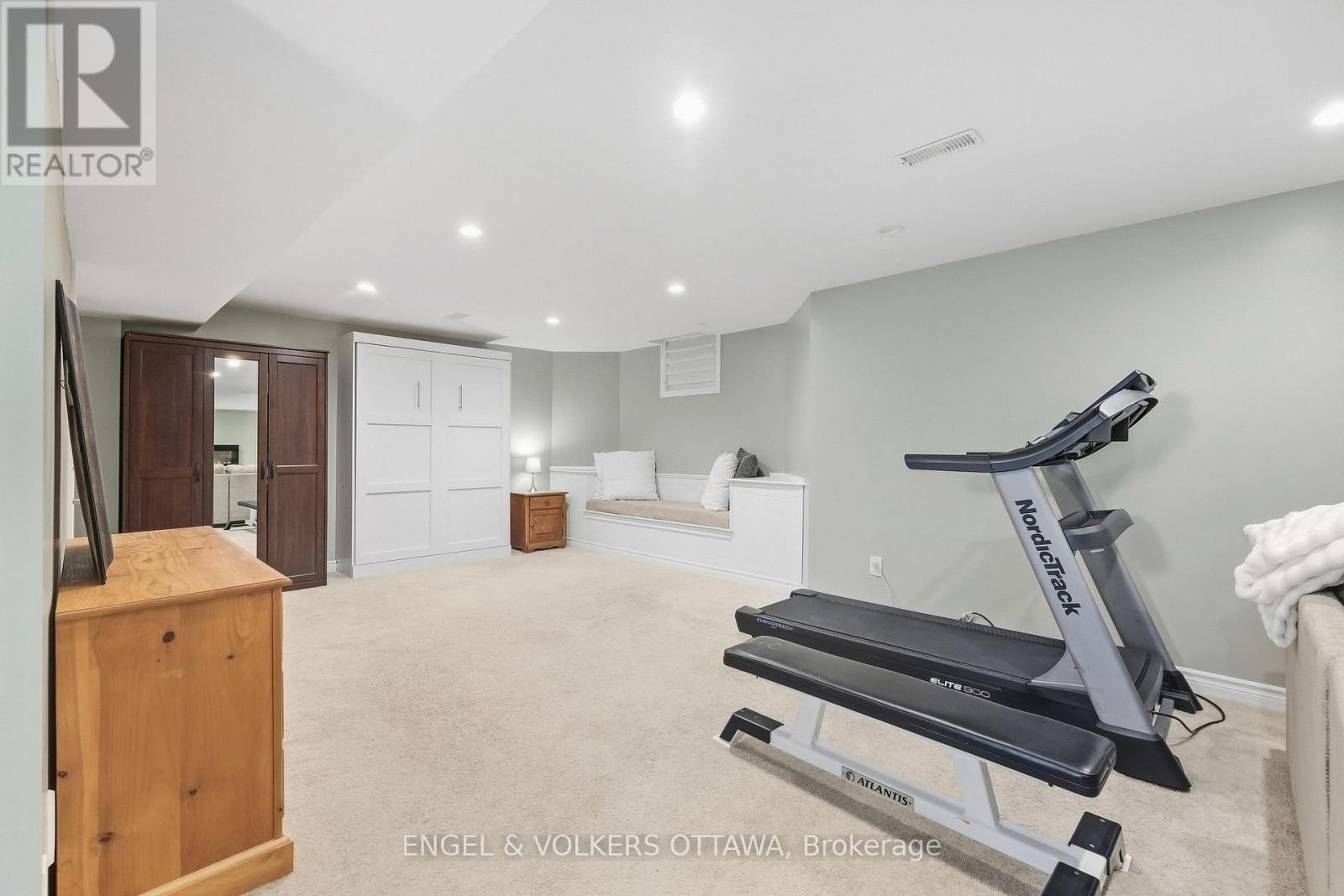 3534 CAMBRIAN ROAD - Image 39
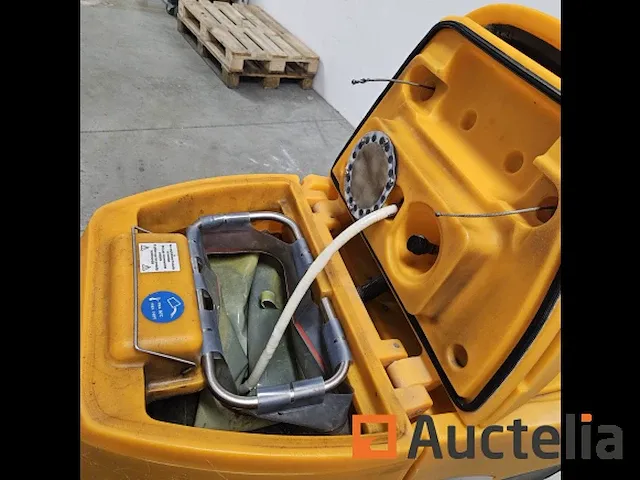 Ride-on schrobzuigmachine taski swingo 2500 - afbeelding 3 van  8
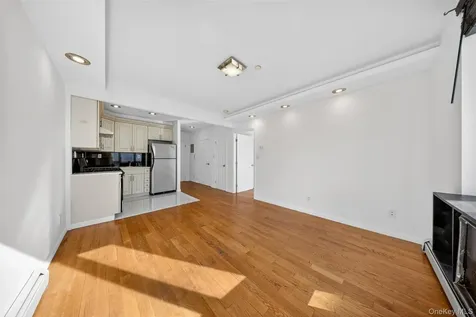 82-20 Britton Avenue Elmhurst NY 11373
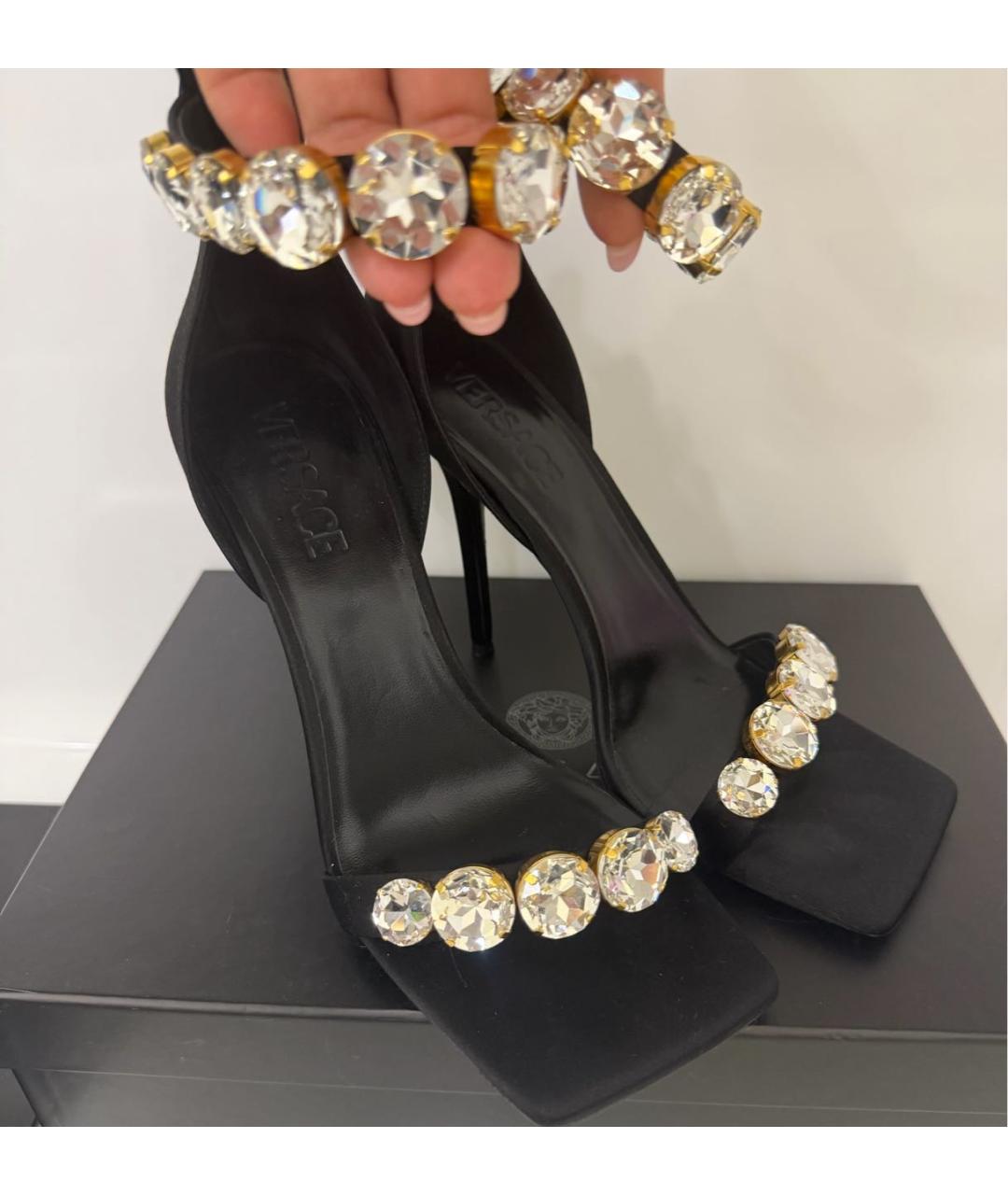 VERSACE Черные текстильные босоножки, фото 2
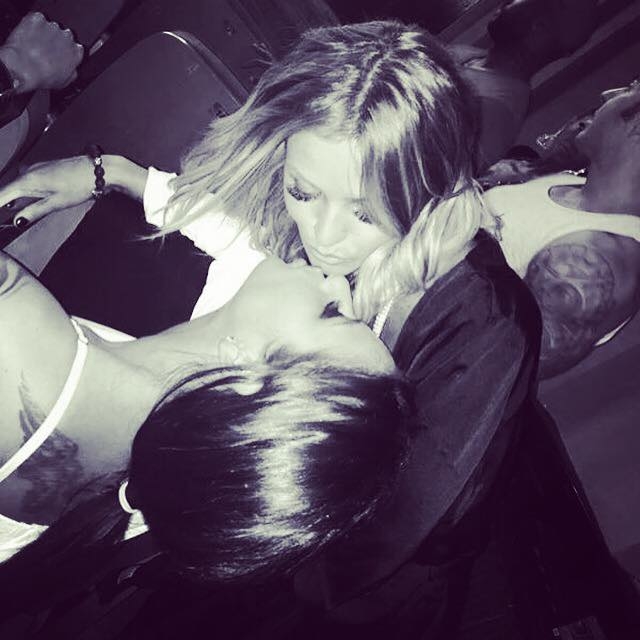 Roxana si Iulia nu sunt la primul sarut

#### PROBLEM
Pictures in the data above should not be copied; transcribe everything else exactly.

#### EXERCISE ANSWER
 3534 CAMBRIAN ROAD - Image 39
 Ride-on schrobzuigmachine taski swingo 2500 - afbeelding 3 van  8
 82-20 Britton Avenue Elmhurst NY 11373
 VERSACE Черные текстильные босоножки, фото 2
 Roxana si Iulia nu sunt la primul sarut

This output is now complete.